Nvidia Stock Fundamentals: AI, GPU Dominance & The NVDA Advantage

Nvidia's position at the core of the AI trade is no accident; it's the result of a two-decade effort to build a software moat.

The company's CUDA platform (launched in 2006) trained an entire generation of AI researchers to write code that runs exclusively on Nvidia hardware.

When large language models went mainstream, moving away from Nvidia was not just a hardware decision but a multi-year engineering migration that most institutions chose not to attempt.

This software lock-in effect, combined with the Blackwell GPU architecture, has made Nvidia the default infrastructure layer for global AI training and inference.

According to Nvidia's fiscal year 2026 Q4 earnings press release filed with the SEC, Nvidia's full-year revenue reached $215.9 billion, up 65% year-over-year, with data center revenue accounting for over 90% of total quarterly revenue by the year's end.

In the first quarter of fiscal 2027 (announced on May 20, 2026), Nvidia's total revenue hit $81.6 billion, up 85% year-over-year, and data center revenue reached $75.2 billion, accounting for over 92% of total revenue for the quarter.

In the Q1 fiscal 2027 earnings press release, Nvidia founder and CEO Jensen Huang described the current investment cycle as "the largest infrastructure buildout in human history."

This positioning explains why NVDA stock price predictions are the subject of such intense focus.

Nvidia Stock Price Prediction: Analyst Forecasts and Where They Diverge

As Nvidia's fundamentals compound at a rate rarely seen among large-cap stocks, discussions of NVDA stock price predictions have split into two main threads: the trajectory over the next twelve months and the long-term outlook around 2030.

Short-Term NVDA Stock Price Prediction

As of June 2026, NVDA stock is trading around $212, having hit an all-time high of approximately $236 in mid-May 2026.

Wall Street's coverage of the stock is generally bullish.
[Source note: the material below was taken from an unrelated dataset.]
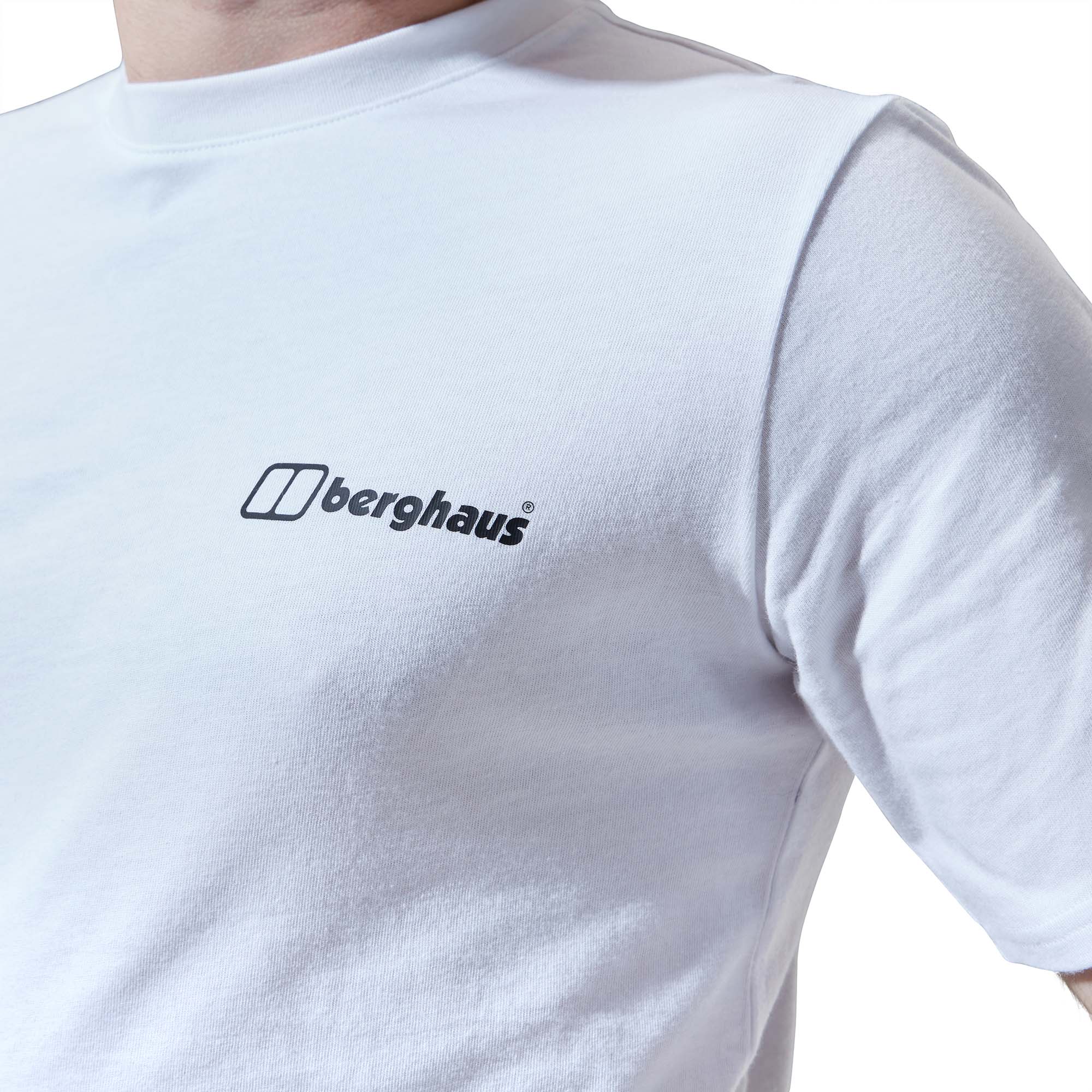 Berghaus Dolomites MTN SS T-Shirt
As of June 2026, the consensus from over 60 covering analysts shows a 12-month average price target in the $296 to $305 range, implying roughly 40% upside from NVDA's current price of around $212.

Among recent individual institution price targets, Bank of America has set a price target of $320 (raised in May 2026, based on a 2030 AI data center total addressable market estimate of about $1.7 trillion); Wedbush Securities holds a $300 price target, citing an inflection point in the AI buildout boom.
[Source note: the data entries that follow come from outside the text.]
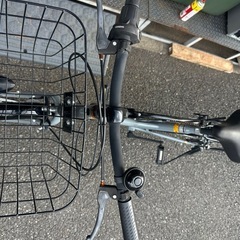 26インチ
自転車の画像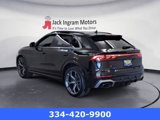 New 2025 Audi RS Q8 performance image 3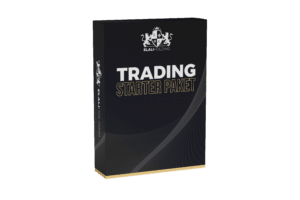 Trading Starter Paket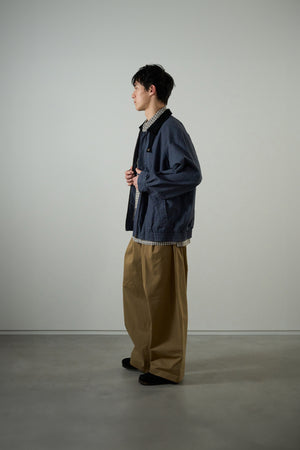 Ryuei outfit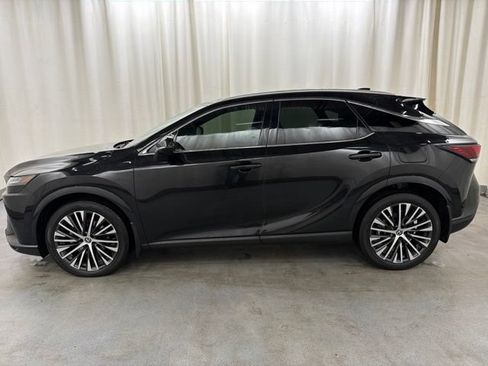 Used 2023 Lexus RX 350 AWD image 3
The most critical data point for any short-term NVDA stock price prediction will be Nvidia's next earnings report in August 2026, where the Q2 fiscal 2027 results will be compared against the company's own revenue guidance of approximately $91 billion. Achieving this would mean Nvidia is still accelerating from its current massive base.

Expect short-term volatility, especially around earnings reports. Historically, the gap between high market expectations and actual results has triggered significant bi-directional swings in NVDA stock on single trading days.
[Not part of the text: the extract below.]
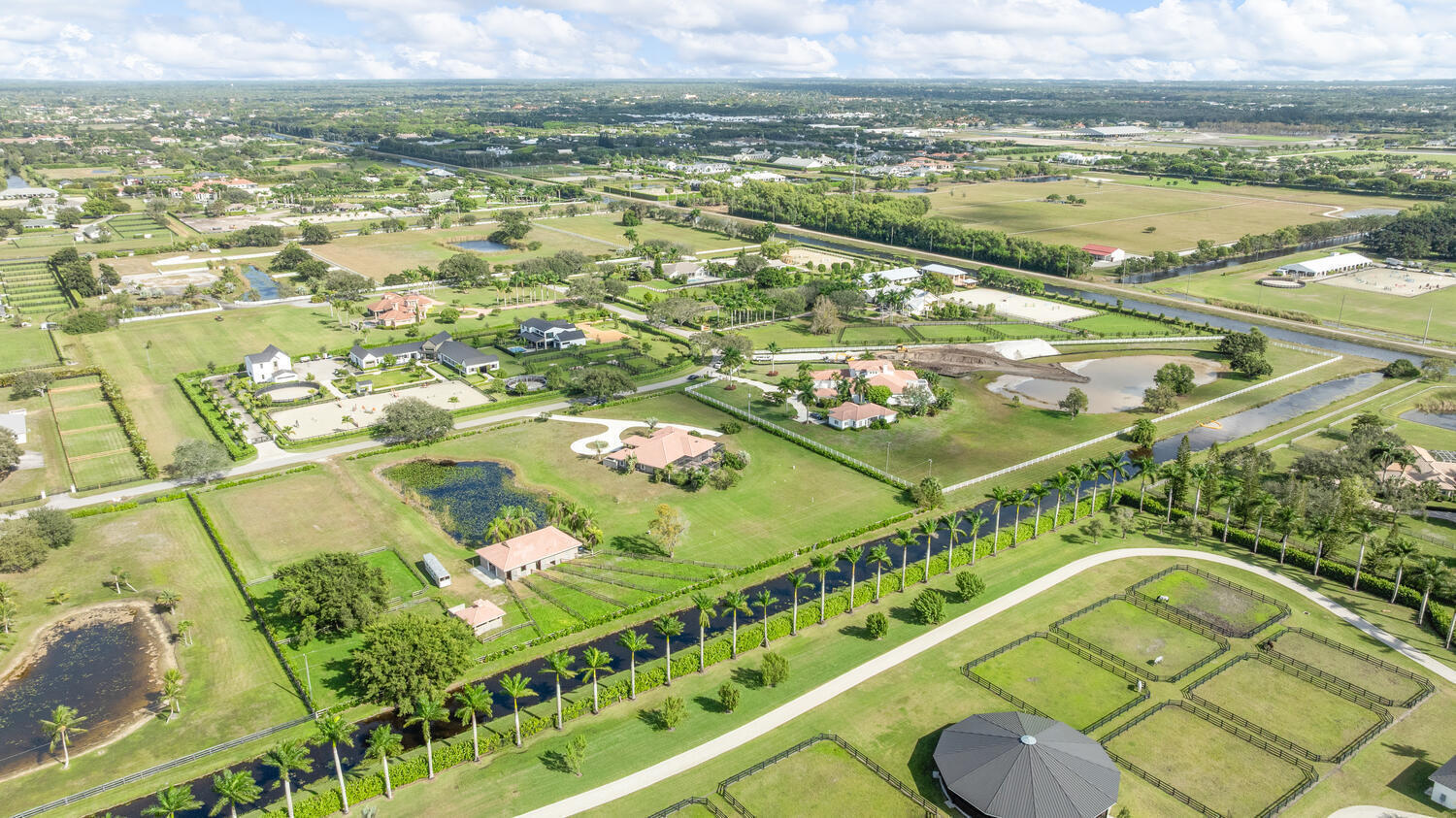 PALM BEACH POINT - Residential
Long-Term Nvidia Stock Price Prediction

Long-term Nvidia stock price prediction models show significant divergence, rooted in genuine uncertainty about how the AI market will evolve over the next few years.

The conservative scenario assumes AI capital expenditure growth slows from current levels, hyperscale cloud providers develop more custom chips, and Nvidia's valuation multiple gradually converges with that of more mature technology companies.

The optimistic scenario, advocated by analysts who believe AI infrastructure investment is still in its early stages, argues that Nvidia's hardware and software lock-in will sustain pricing power. If AI spending maintains its current trajectory, optimistic long-term forecasts set NVDA's 2030 price target at $800 to $1,000.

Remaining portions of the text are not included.